---------- Records shown ----------

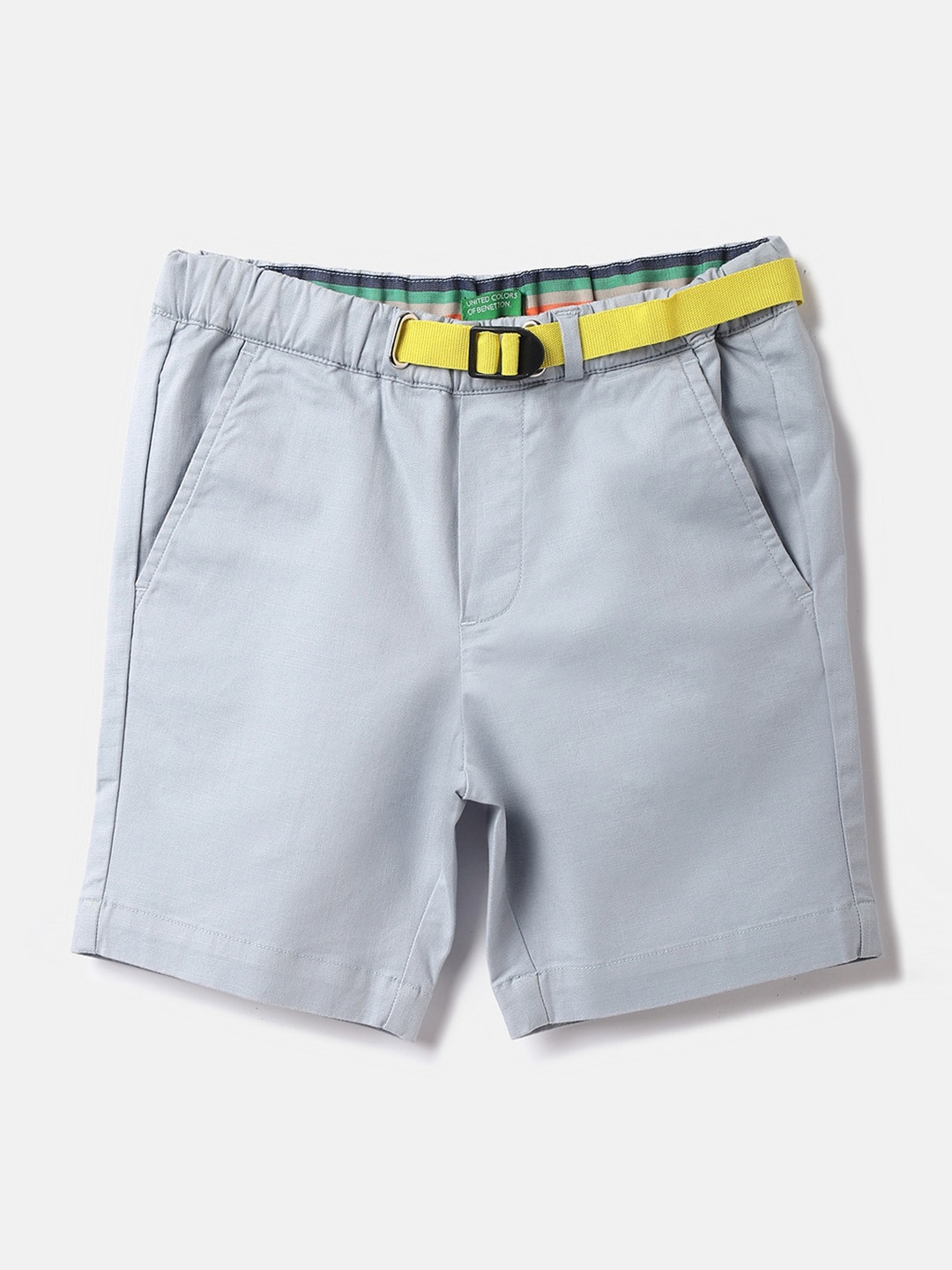 

United Colors of Benetton Boys Mid Rise Cotton Woven Shorts, Grey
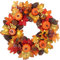 Herbstkränze Dekoration mit LED-Licht, 40 cm Herbst Ahornblatt Kürbis Beere Girlande Künstlicher Blumenkranz Haustür für Halloween Weihnachten Thanksgiving Wand Heimdekoration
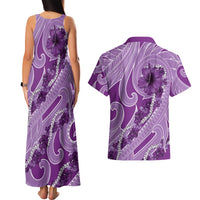 Hawaii Violet Hibiscus Pikake Lei Couples Matching Tank Maxi Dress and Hawaiian Shirt - Polynesian Pride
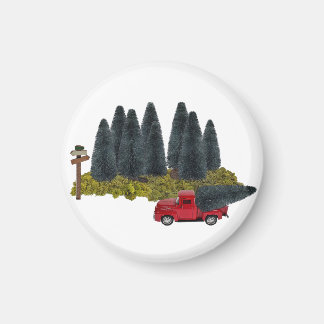 Vintage Lastbil med Julgran Magnet
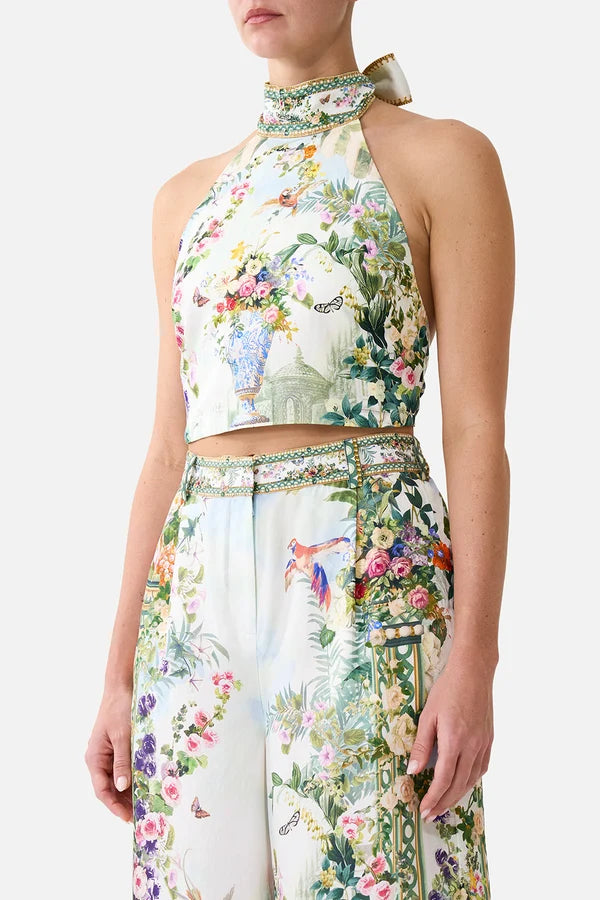 Reversible Halter Tie Back Top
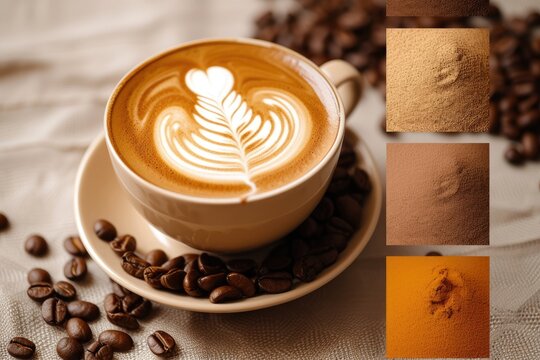 A coffee-inspired color palette with shades of espresso, caramel, and latte.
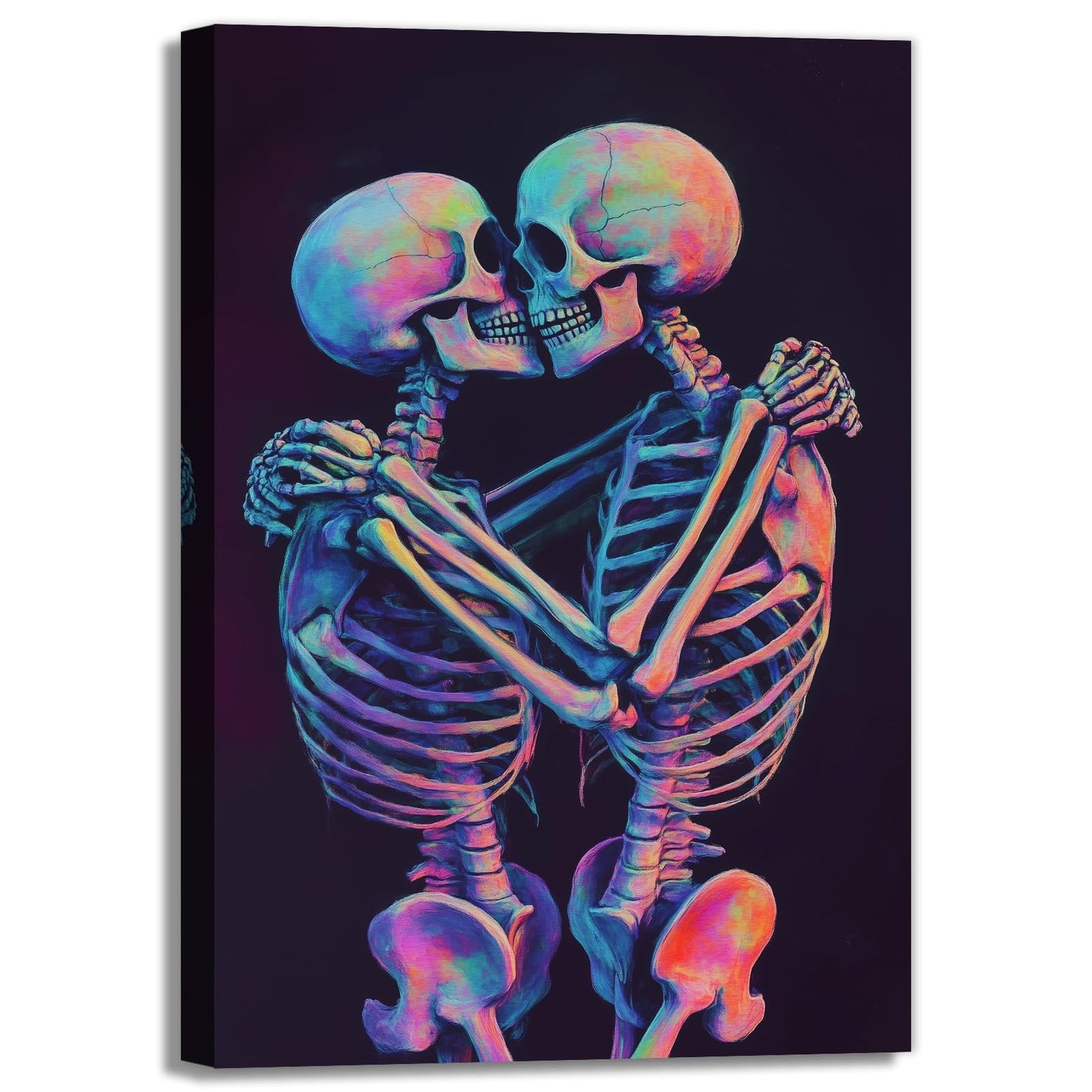 Skeleton Wall Art Kissing Skull Art Poster Skeleton Lover Picture Print On Canvas Abstract Horrible Theme Painting Framed Artwork Living Room Decor(Artwork-3,12"x18")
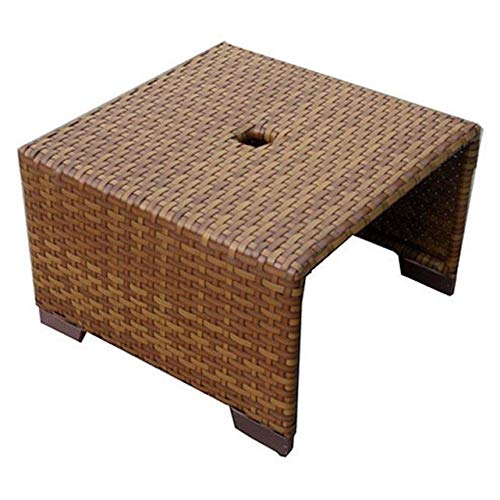 Panama Jack St Barths Coffee Table with Woven Umbrella Hole, Viro Fiber Brown Pine Finish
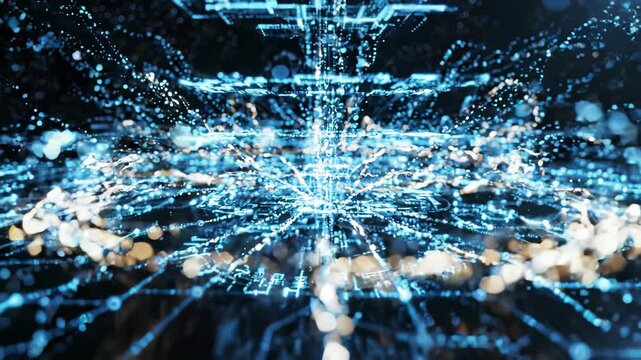Futuristic Digital Network with Glowing Blue Circuit Lines and Particle Data Flow
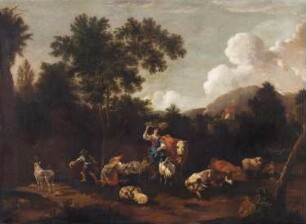 Landschaft mit Ziegen und Kühen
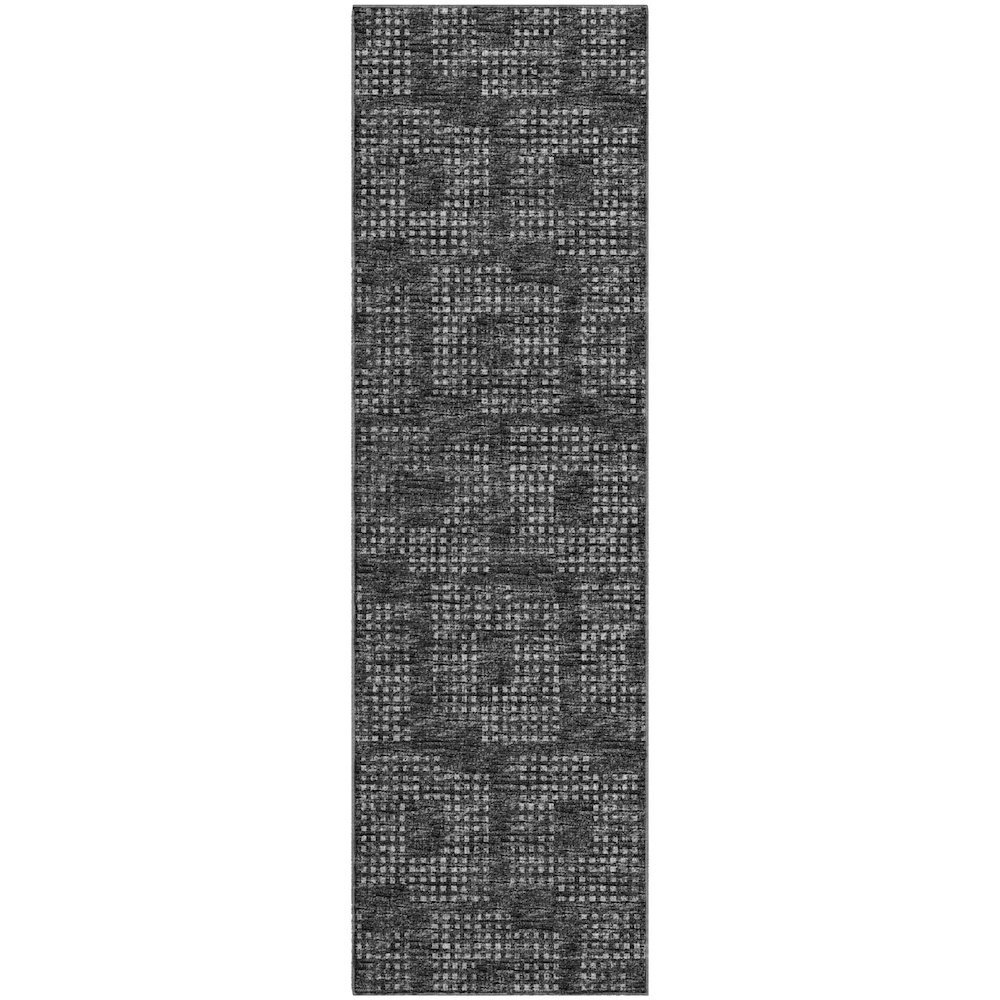 Premium Machine Washable Mayfield  Black 2'3" x 7'6" Runner Rug. Picture 1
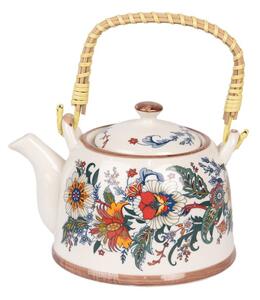 Porcelánová konvička na čaj se sítkem s folklorním rostlinným motivem – 800 ml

----------

→ **Task directions**: Each record should be given again exactly, with no picture carried over.

→ **Solution for this problem**:
United Colors of Benetton Boys Mid Rise Cotton Woven Shorts, Grey
 Herbstkränze Dekoration mit LED-Licht, 40 cm Herbst Ahornblatt Kürbis Beere Girlande Künstlicher Blumenkranz Haustür für Halloween Weihnachten Thanksgiving Wand Heimdekoration
 Hawaii Violet Hibiscus Pikake Lei Couples Matching Tank Maxi Dress and Hawaiian Shirt - Polynesian Pride
 Vintage Lastbil med Julgran Magnet
 Reversible Halter Tie Back Top
 A coffee-inspired color palette with shades of espresso, caramel, and latte.
 Skeleton Wall Art Kissing Skull Art Poster Skeleton Lover Picture Print On Canvas Abstract Horrible Theme Painting Framed Artwork Living Room Decor(Artwork-3,12"x18")
 Panama Jack St Barths Coffee Table with Woven Umbrella Hole, Viro Fiber Brown Pine Finish
Futuristic Digital Network with Glowing Blue Circuit Lines and Particle Data Flow
 Landschaft mit Ziegen und Kühen
 Premium Machine Washable Mayfield  Black 2'3" x 7'6" Runner Rug. Picture 1
 Porcelánová konvička na čaj se sítkem s folklorním rostlinným motivem – 800 ml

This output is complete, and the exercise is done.